Assignment => Pictures are not repeated. Every line from the beginning of the entries through the one with "Photo of property" is restated exactly.

Records drawn from a dataset:
------------------------
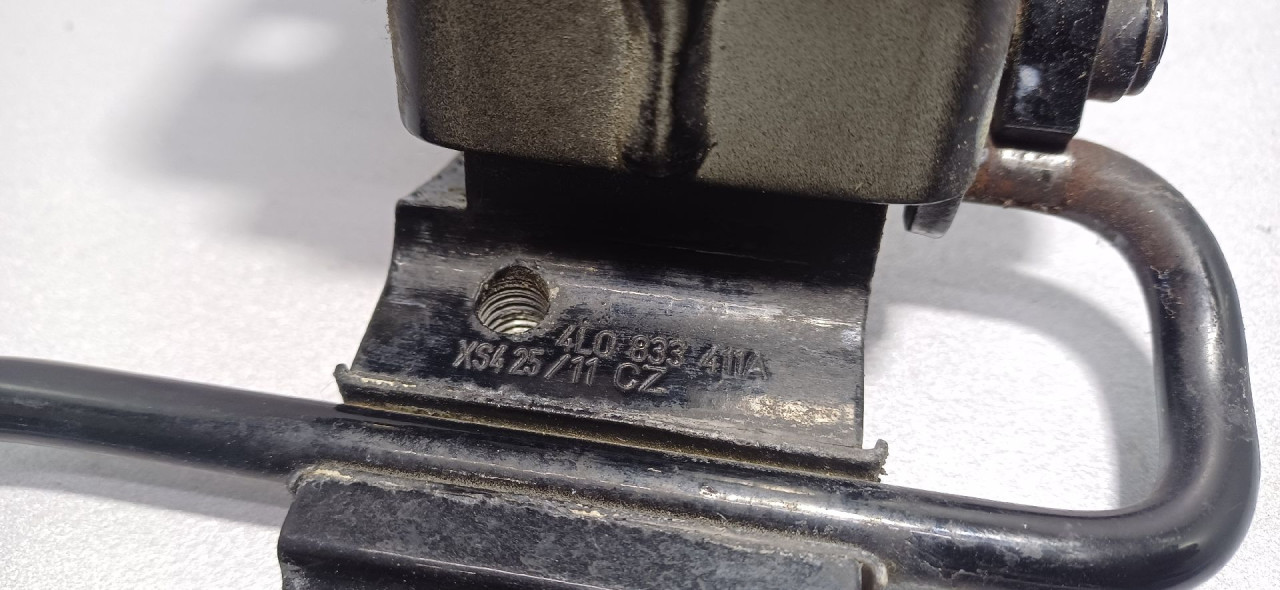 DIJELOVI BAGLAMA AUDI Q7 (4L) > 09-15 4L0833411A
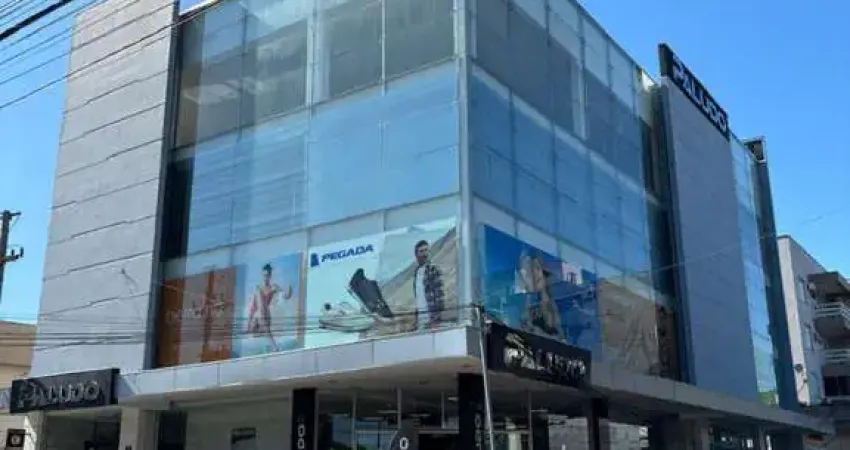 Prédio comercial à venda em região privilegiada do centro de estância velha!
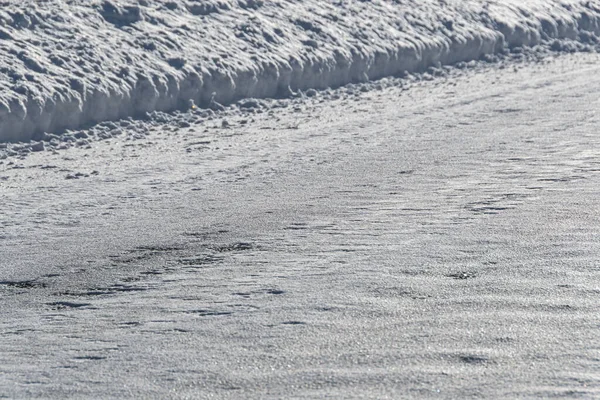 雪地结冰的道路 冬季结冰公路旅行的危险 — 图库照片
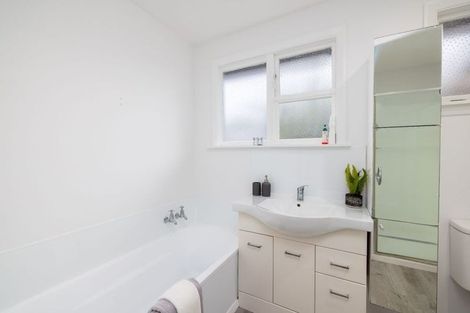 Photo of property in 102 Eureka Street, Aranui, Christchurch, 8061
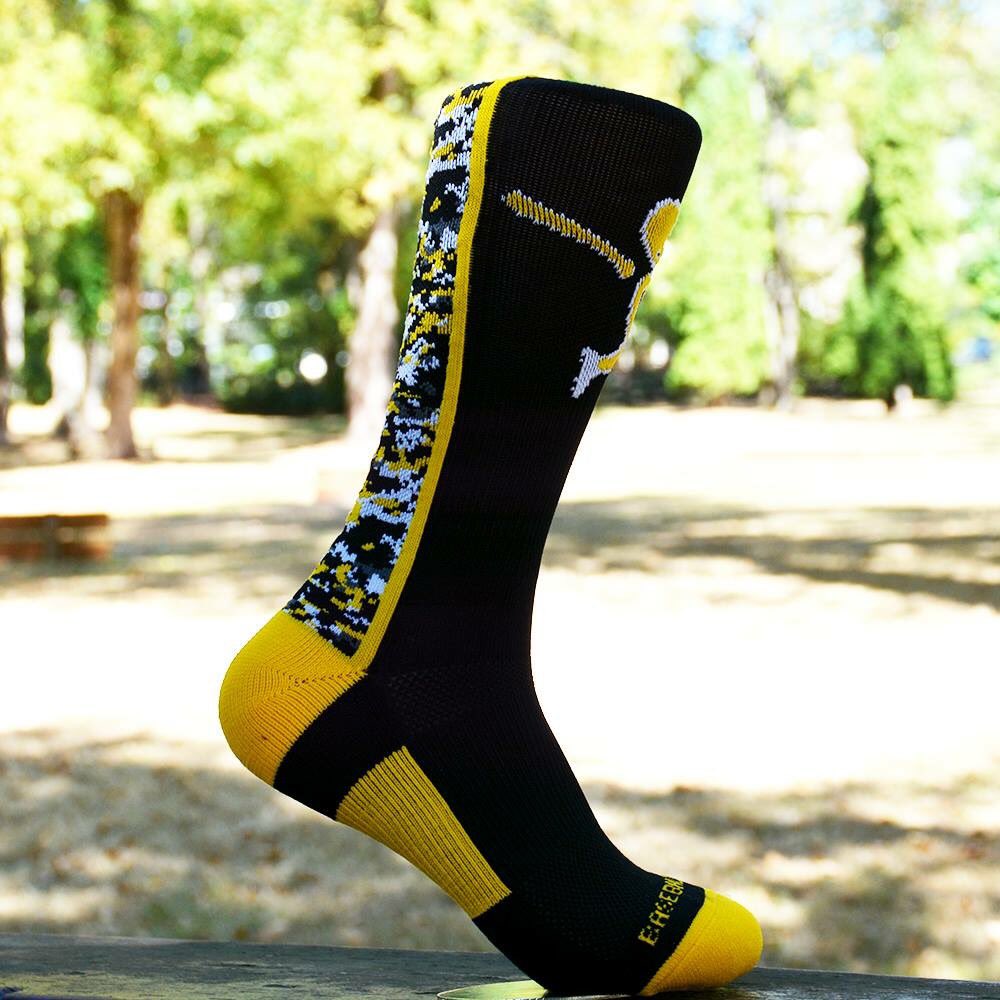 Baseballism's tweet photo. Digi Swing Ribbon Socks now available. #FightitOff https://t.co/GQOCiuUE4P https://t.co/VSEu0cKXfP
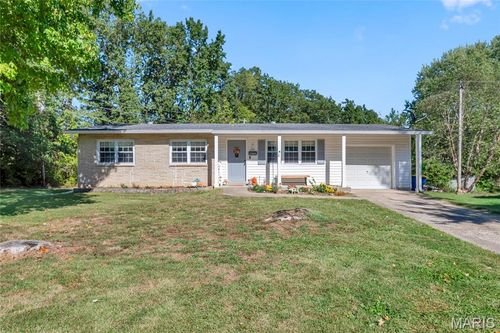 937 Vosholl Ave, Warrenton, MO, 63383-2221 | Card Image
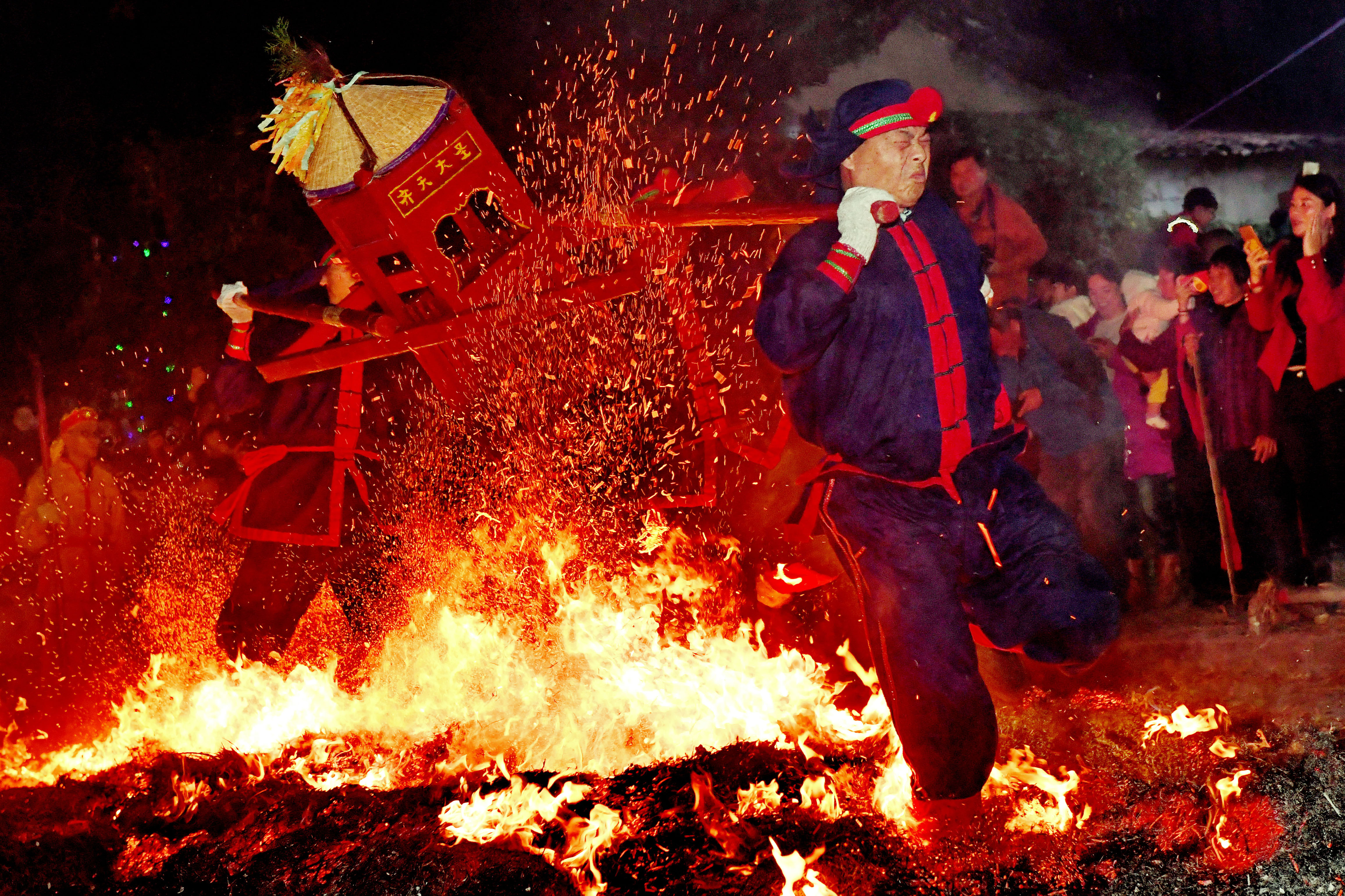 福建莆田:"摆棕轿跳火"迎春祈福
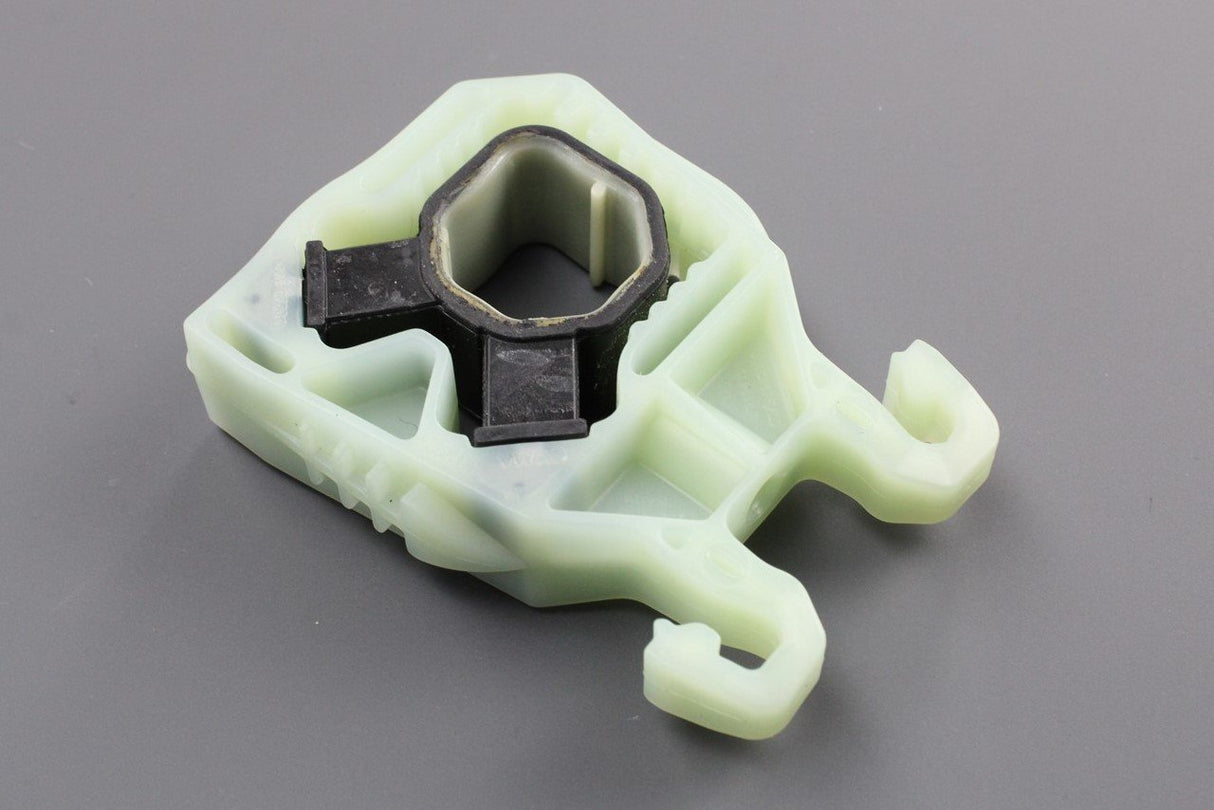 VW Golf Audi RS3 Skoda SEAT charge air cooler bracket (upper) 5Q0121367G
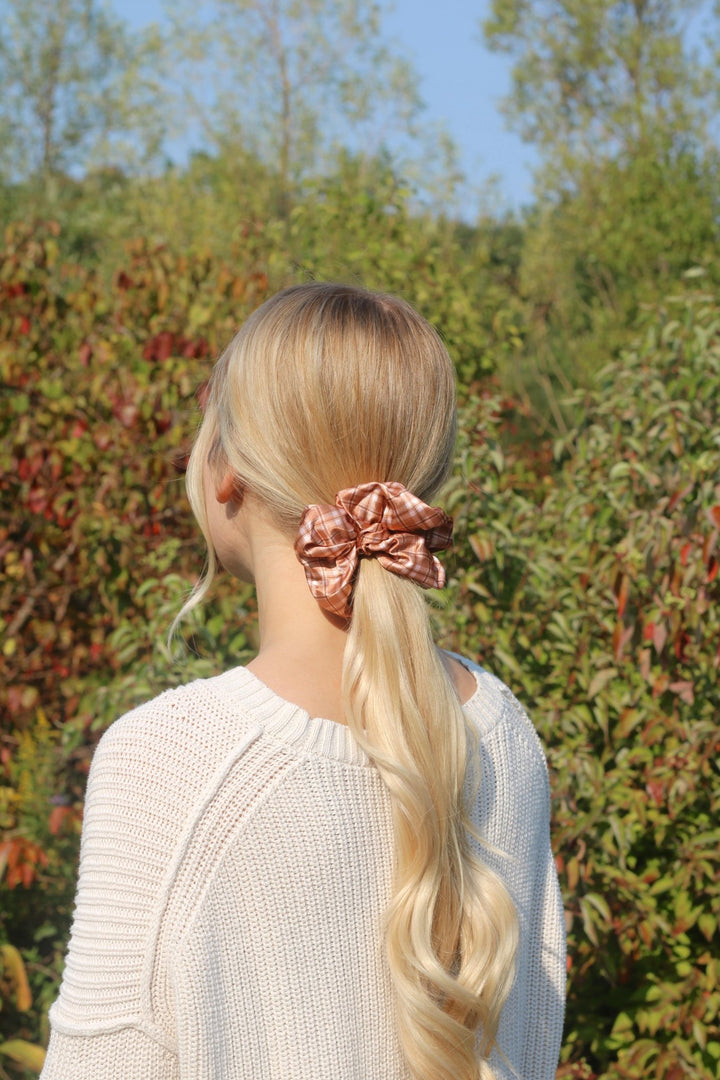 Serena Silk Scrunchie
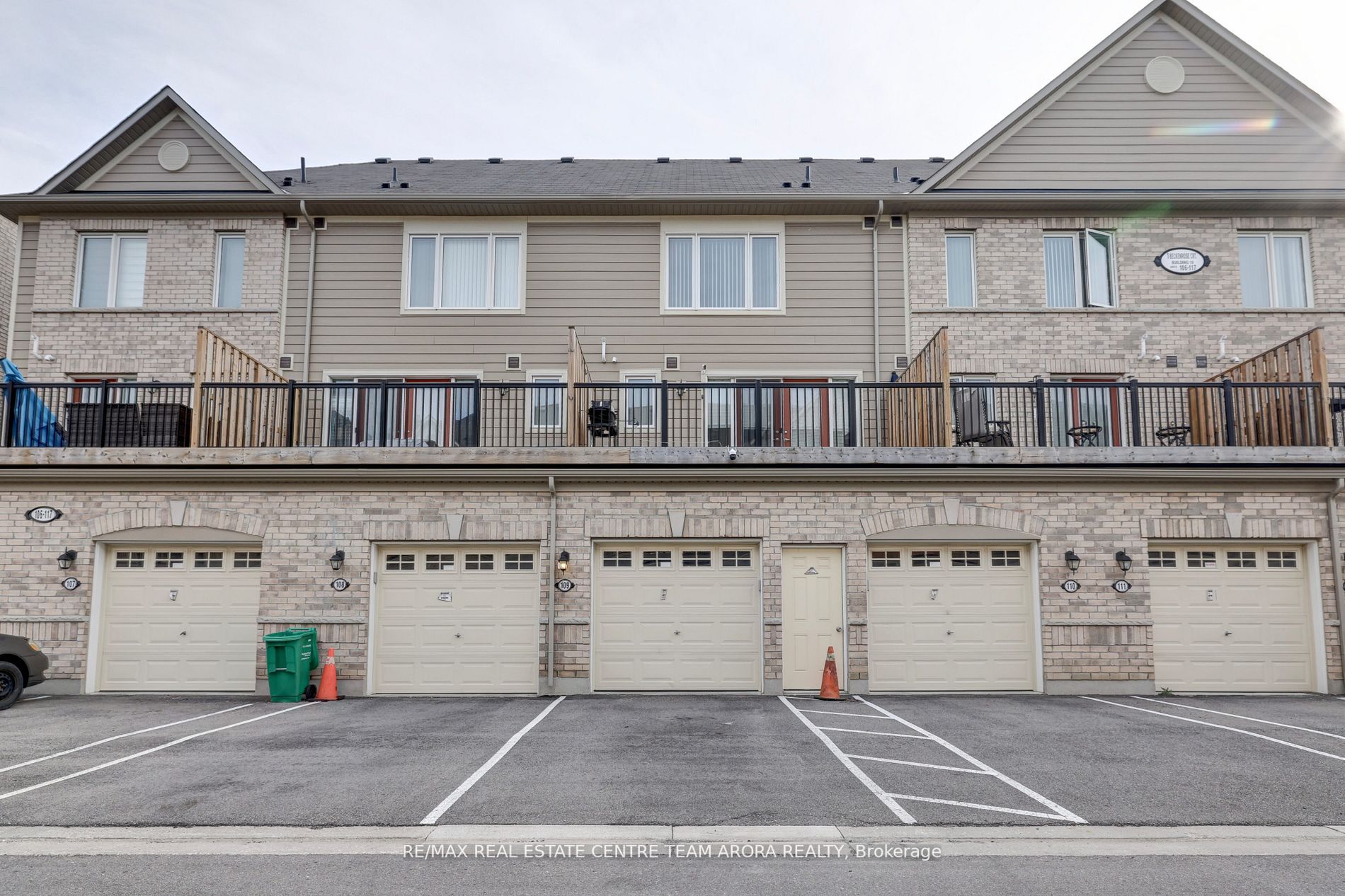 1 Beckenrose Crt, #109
------------------------
Answer space =>
 DIJELOVI BAGLAMA AUDI Q7 (4L) > 09-15 4L0833411A
 Prédio comercial à venda em região privilegiada do centro de estância velha!
 雪地结冰的道路 冬季结冰公路旅行的危险 — 图库照片
 Photo of property in 102 Eureka Street, Aranui, Christchurch, 8061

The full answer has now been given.